Xfwl4 – The Roadmap for a Xfce Wayland Compositor
Reception to an XFCE Wayland Compositor in Rust
- Many long‑time XFCE users welcome a Wayland compositor and see this as key to XFCE’s survival as distros deprecate X11. Several mention donating or planning to switch once Wayland support lands.
- A few are annoyed the project is funding a new compositor rather than fixing longstanding “small” issues, but the compositor author responds that without Wayland XFCE will become obsolete.
- The author explains they tried refactoring xfwm4 to support both X11 and Wayland but abandoned it as too complex and risky for existing X users; a fresh Wayland compositor (xfwl4) in Rust, reusing smithay’s example, was judged safer.
- Only the window manager/compositor is being rewritten; panel, session manager, desktop, etc. already run under wlroots-based compositors, albeit with rough edges.
- “Feature parity” with xfwm4 is a primary goal, but some behaviors can’t be matched until corresponding Wayland protocols exist; full parity is expected to take years.

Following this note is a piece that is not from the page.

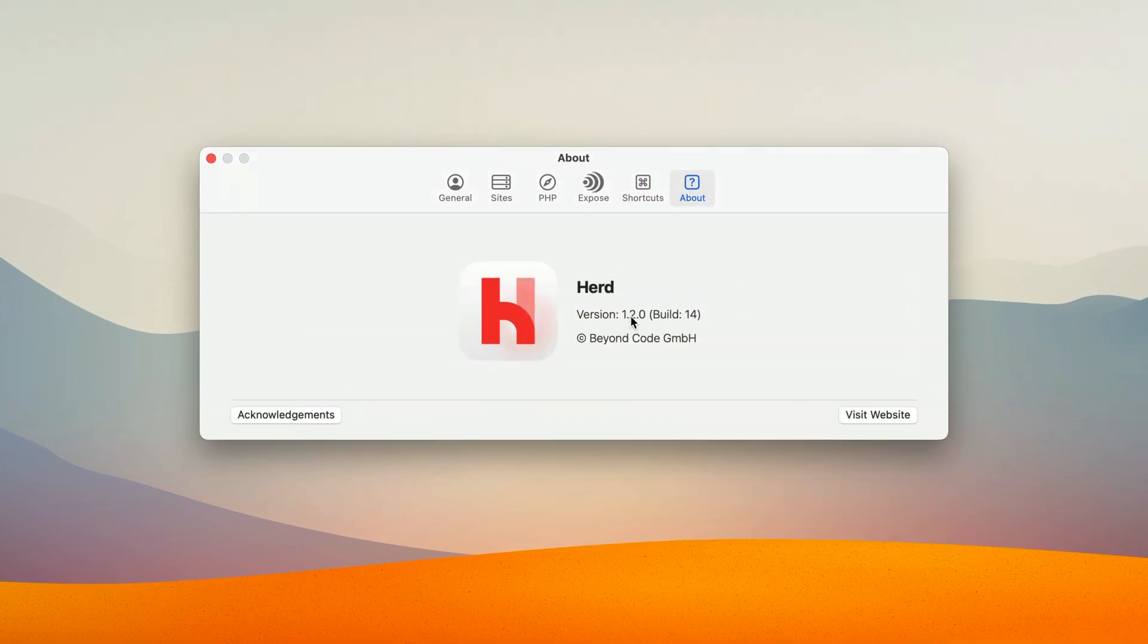It's available today so get to updating and give Herd a try if you haven't yet.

Wayland vs X11: Future, Features, and Friction
- Pro‑Wayland comments emphasize: security and isolation compared to X, better HiDPI, fractional scaling, HDR, VRR, multi‑monitor behavior, docking, and “just works” experiences on Intel GPUs and old laptops. Gaming performance is reported similar or better than X11 on major desktops.
- Skeptics describe Wayland as a downgrade pushed by vendors: missing or delayed features (session restore, global shortcuts, embedding, some accessibility, window coordination), compositor‑specific fragmentation, and workflows broken or made more complex.

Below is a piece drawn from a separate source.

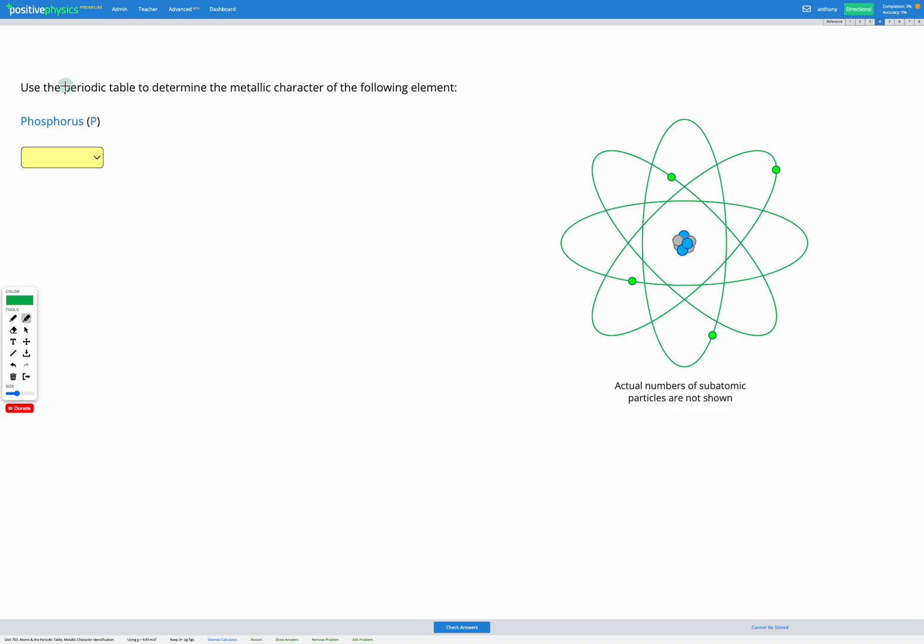This question asks us to use the periodic table to determine the metallic character of the following element, phosphorus, which has the symbol P.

- Latency is a recurring concern: uncomposited X11 can feel snappier on very old hardware; compositing and atomic DRM add measurable but small delays, especially noticeable at 60 Hz. Some accept this as a trade‑off for smooth, tear‑free rendering; others do not.
- X11 is described as “not dead” with active forks (e.g., X11Libre), but also as effectively unmaintained in mainstream distros. There are accusations that large vendors deliberately starved X to promote Wayland; others attribute X’s decline to lack of maintainers and architectural limits.
- Network transparency is debated: X11’s ssh‑X model is praised; Wayland alternatives (waypipe, RDP‑based approaches) exist but are more complex.
Rust and Ecosystem Trade‑offs
- Several argue end users don’t care about implementation language; others note Rust’s ecosystem habits, binary size, compile time, and FFI ergonomics do affect maintainability and system footprint.
- There is disagreement over Rust–C interop: some say auto‑generated bindings and
unsafeare fine; others describe large C‑interop surfaces as effectively “writing C in Rust syntax” and not worth it. - Choosing smithay over wlroots is defended by the compositor author as a productivity and safety win given their Rust experience, despite wlroots’ maturity in C.
XFCE Identity and User Priorities
- XFCE users consistently prioritize: speed, low memory use, stability, minimal visual “tricks” (important to those with eye strain), traditional workflows, theming, and simple configuration.
- Many stress they’ll accept Wayland and Rust only if these characteristics are preserved; otherwise they would consider lighter alternatives.